## WHAT THE TASK REQUIRES
Begin at the line containing "Zelen Queen Panel" and end at the final line of the entries. Please reproduce those lines exactly.

## MATERIAL PROVIDED
----

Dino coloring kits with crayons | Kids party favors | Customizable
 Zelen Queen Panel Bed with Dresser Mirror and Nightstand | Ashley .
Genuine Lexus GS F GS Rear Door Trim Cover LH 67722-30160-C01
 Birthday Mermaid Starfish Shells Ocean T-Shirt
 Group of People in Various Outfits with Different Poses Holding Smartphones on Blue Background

----

## ANSWER SPACE
 Zelen Queen Panel Bed with Dresser Mirror and Nightstand | Ashley .
Genuine Lexus GS F GS Rear Door Trim Cover LH 67722-30160-C01
 Birthday Mermaid Starfish Shells Ocean T-Shirt
 Group of People in Various Outfits with Different Poses Holding Smartphones on Blue Background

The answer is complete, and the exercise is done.